Public Comment

Hopkins Transportation Consultant Brings Baggage to Assignment

Zelda Bronstein
Sunday December 11, 2022 - 05:28:00 PM

Nelson\Nygaard, the transportation consultancy hired by the city to study parking and customer access at the Monterey-Hopkins commercial hub in connection with the protected bike lane project, has added an academic consultant to its team: Justin de Benedictis-Kessner, an assistant professor of Public Policy at Harvard’s Kennedy School of Government.

His c.v. includes a white paper he co-authored that was presented to the city of Boston in August 2021, “What the Next Mayor Needs to Do About Boston’s Transportation Crisis.”

Its recommendations include:  

Properly Incentivize Transportation Modes to Reduce Single Occupancy Vehicle Usage within and into Boston. Use positive incentives to make public transportation a more viable alternative to driving. Use negative incentives to more appropriately reveal the negative costs imposed by driving.  
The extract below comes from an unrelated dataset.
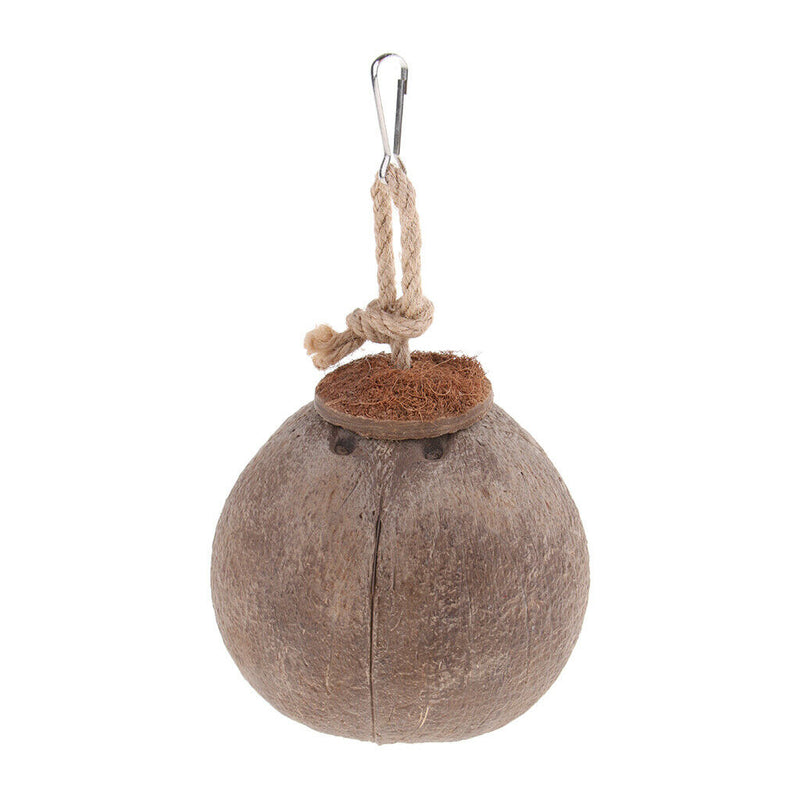 Natural Coconut Shell Bird Nest Cage Feeder Hanging Standing Toys Parrot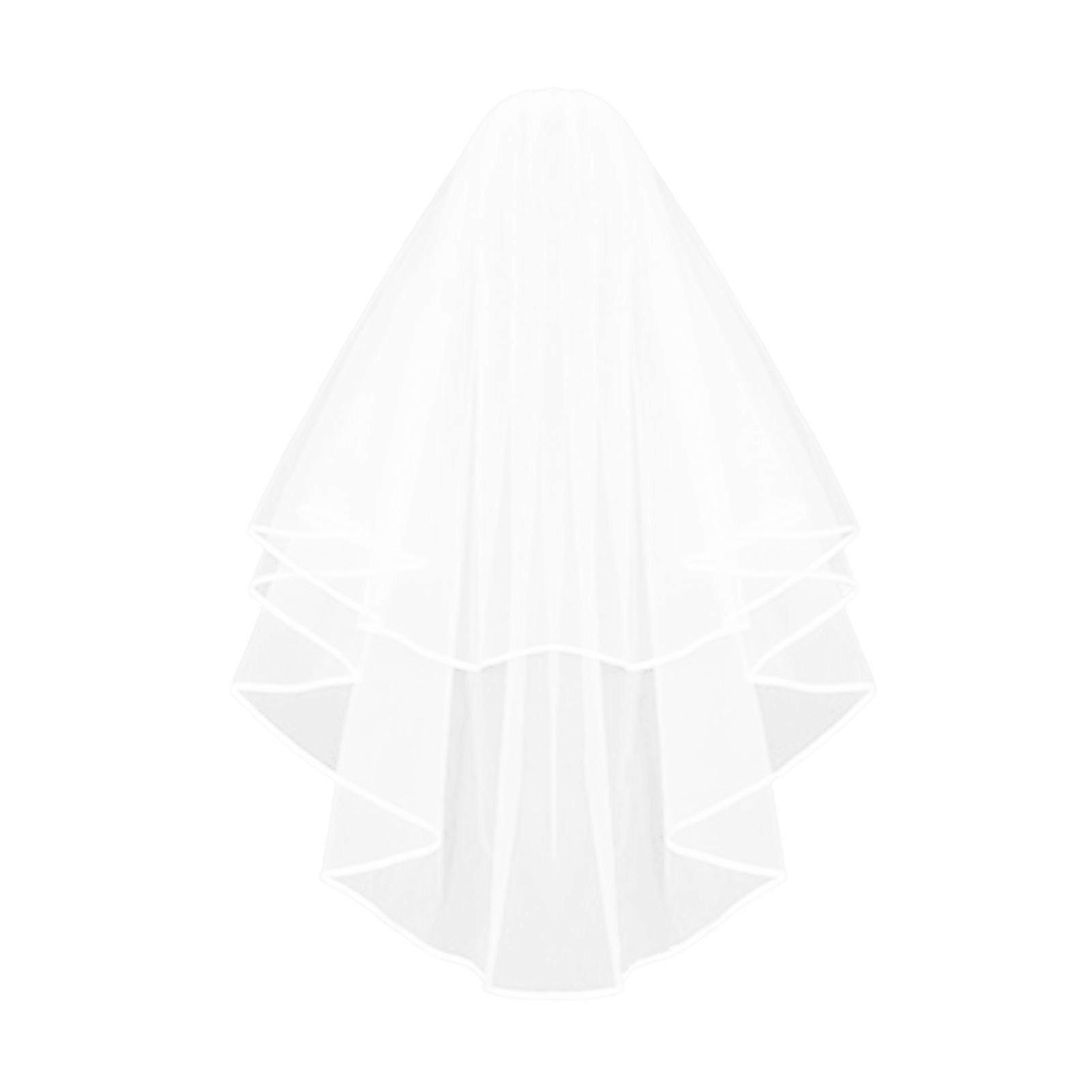 Bridal Veil Double-Layered Solid Color Ribbon Edge Design Wedding Veil Soft Mesh Material Prom Cosplay Veil with Comb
Accelerate investment in infrastructure that makes walking and cycling more attractive.  

Improve the Public Process to Build Support. Iteratively build support through the process of policy feedback by capitalizing on successful projects.  

The white paper goes on to elaborate on this recommendations. For example: 

Set the tone for what is possible in transportation policy and create a sense of inevitability that transformation is necessary and coming.  

Use negative incentives to more appropriately reveal the negative costs imposed by driving. When more people drive, this has near-term costs for everyone in Boston through both emissions and traffic, and long-term adverse health and climatological consequences. Negative incentives have the power to rebalance the scales and make these enormous societal costs more visible to us all. 

And then, these recommendations on public engagement: 

Conduct a proactive bi-directional public engagement process. Public engagement processes around transportation projects too often take the form of public meetings. But public engagement does not need to only be about listening to opposition from the groups of people who have the resources and time to show up to these meetings. People often see the visible costs of policies and have an immediate reaction to those costs. Getting people on board with specific policy changes despite those potential costs involves helping people reconcile their principles with the actual policy implementation of those principles. The mayor should use the public input process as a chance to help people understand the transportation needs of neighborhoods and the city as a whole, and why changes to the street will help accomplish those goals and improve on the status quo. Doing this will help put near-term costs in context of longer-term net benefits. 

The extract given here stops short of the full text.